Contrairement à ce que nous pourrions penser, les fleuves sont plus nombreux que les quatre étudiés en cours de géographie. La Canche en fait partie mais je ne saurais dire si c'est elle ou l'un de ses affluents qui bordait la résidence secondaire. Avec une pente moyenne de 0,15%, il ne faut pas compter y faire du rafting.

En face de l'entrée se trouvait un petit pont. Contrairement à ce qu'a pu chanter le ménestrel Yves Duteil, celui-ci était en bois, des planches jetées aléatoirement entre deux poutres pour être précis.

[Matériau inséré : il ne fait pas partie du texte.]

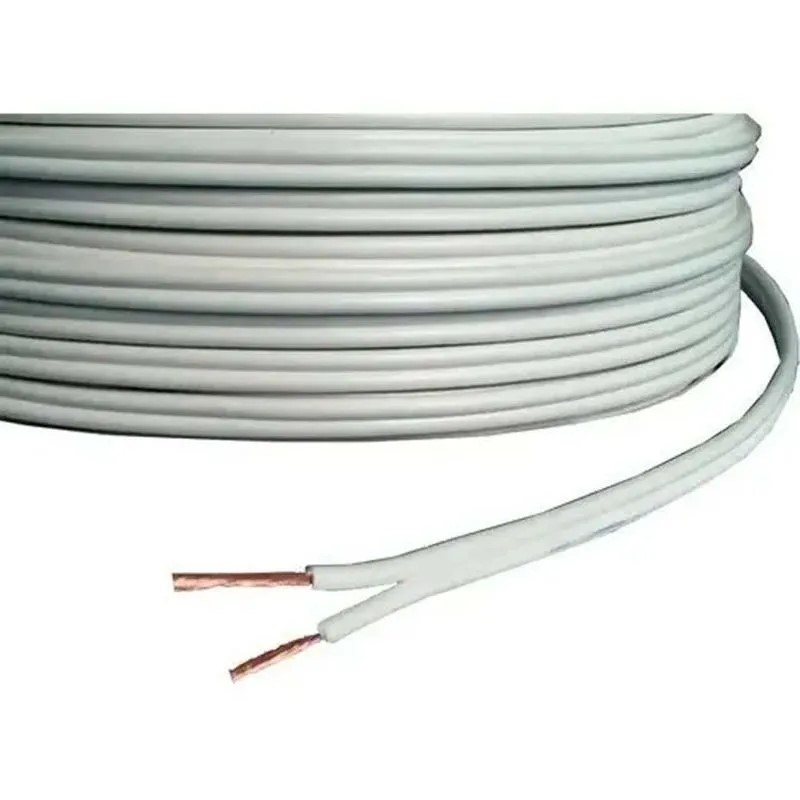 CABLE PARALELO 2X1.5mm BLANCO ANTILLAMA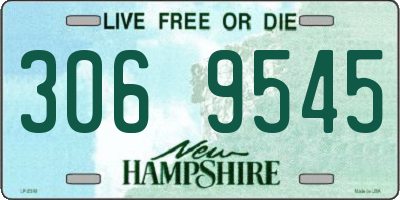 NH license plate 3069545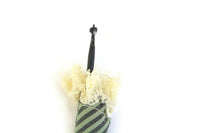 Vintage Green Lace 1:12 Miniature Dollhouse Umbrella or Parasol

Vous pensez bien qu'à six ans, l'envie de traverser était la plus forte. Je ne pouvais qu'imaginer, derrière l'alignement de saules pleureurs qui bordait la rive opposée, des preux chevaliers combattant des dragons pour le cœur d'une belle.

Profitant de l'apéritif, que mon papa n'aurait manqué pour rien au monde, je m'éclipsai pour le franchir avec intrépidité. Quelle fut ma déception quand derrière le rideau d'arbres, je ne découvris, à défaut d'un univers fantastique, qu'une grasse prairie ou paissaient de placides vaches laitières.

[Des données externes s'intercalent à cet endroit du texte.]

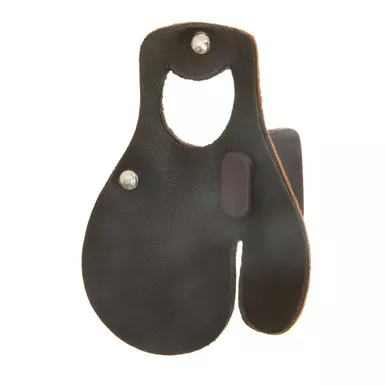 October Mountain Leather Tab Black Small Lh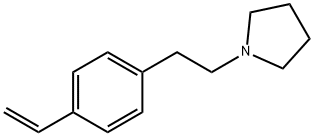 1-[2-(4-乙烯基苯基)乙基]吡咯烷 结构式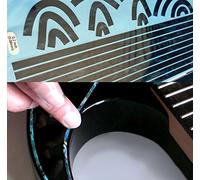 Adhesivo de encuadernación para cuerpo, cuello, cabezal (perla negra) 5 mm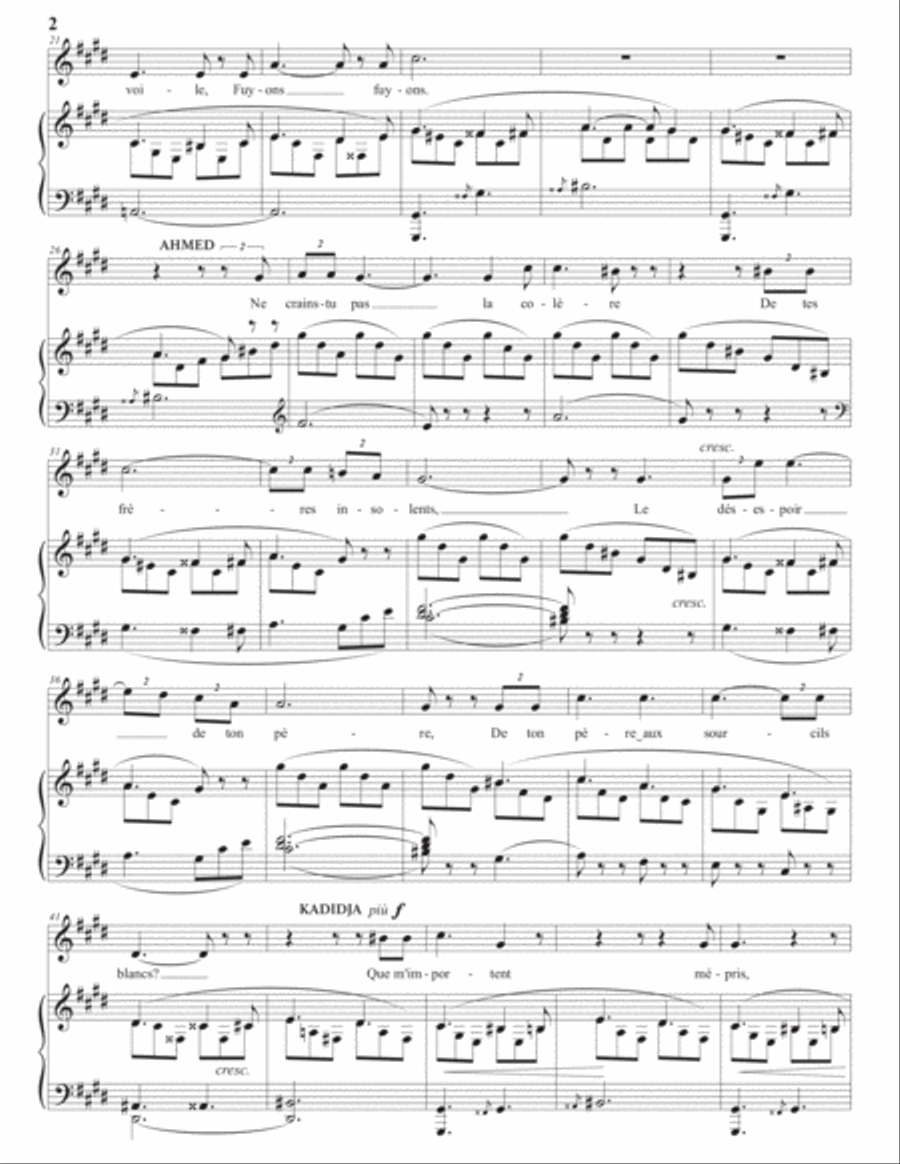DUPARC: La fuite (transposed to C-sharp minor) Piano scores gallery preview page 3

Mon enthousiasme s'affaissa d'un coup et avec lui ma témérité. Quand il s'agit de retraverser le cours d'eau, je fus pris d'un vertige à la vue du gouffre, dans les 1m50, qu'il me fallut franchir.

Mon oreille interne perdit la voix de la raison pour me précipiter vers les ondes saumâtres. Une fois à l'eau, je me débattis contre d'éventuels alligators ou piranhas et j'appelai au secours.

Quand mon papa m'aperçut et qu'il constata que j'avais pied, il fit demi-tour. J'étais bien assez grand pour me tirer d'affaire de ces eaux stagnantes, transformées en bourbier par les déjections bovines.

Une fois sorti de ce mauvais gué, je m'allongeai au soleil pour me faire sécher. Il était heureux que pour une fois le ciel du nord me soit clément. Ma maman avait refusé que je me change, répondant à des ordres impérieux et supérieurs.

Quelques années plus tard, je comprendrai d'autant mieux le poids des paroles d'Alain Souchon : « A l'eau maman bobo, comment tu m'as fait j'suis pas beau ».